Exercise directions — The listing below should be printed exactly, every line of it. Skip the pictures.

Stored data —
........

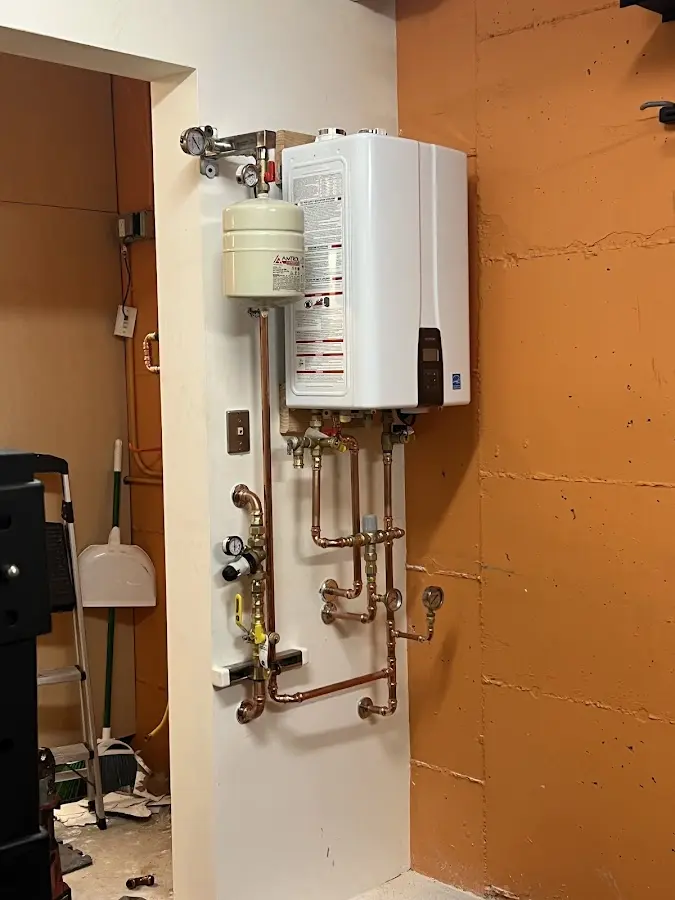 Plumbing technician inspecting water heater connections in North Canton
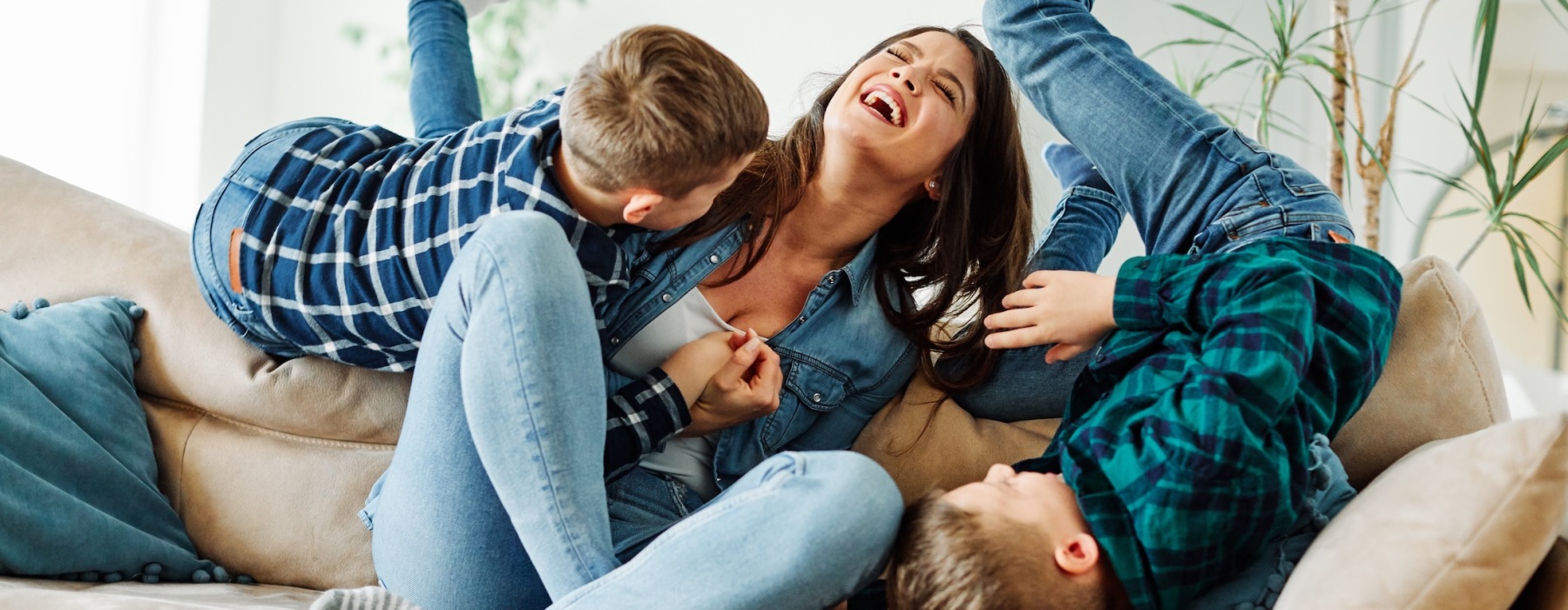 a family laughing and playing on a sofa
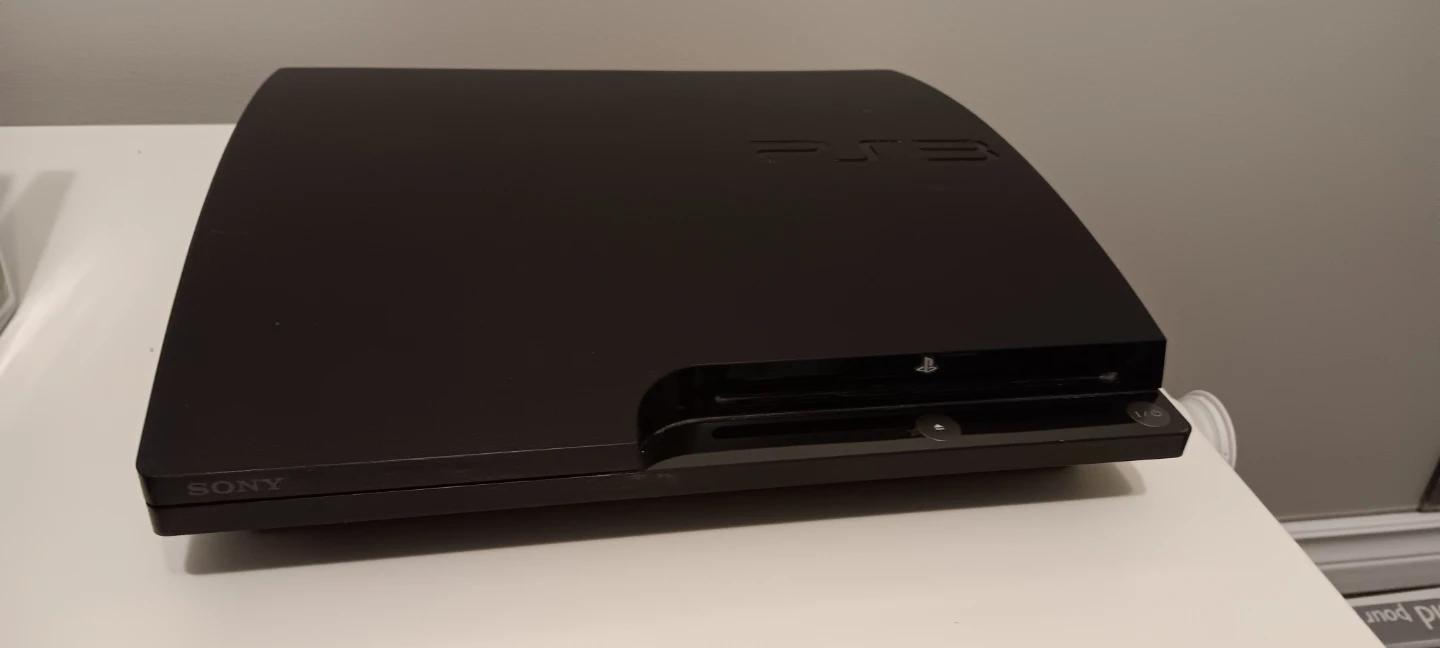 Sony PlayStation 3 Console Bundle with Games and Controllers - photo 2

........

Your solution —
 Plumbing technician inspecting water heater connections in North Canton
 a family laughing and playing on a sofa
 Sony PlayStation 3 Console Bundle with Games and Controllers - photo 2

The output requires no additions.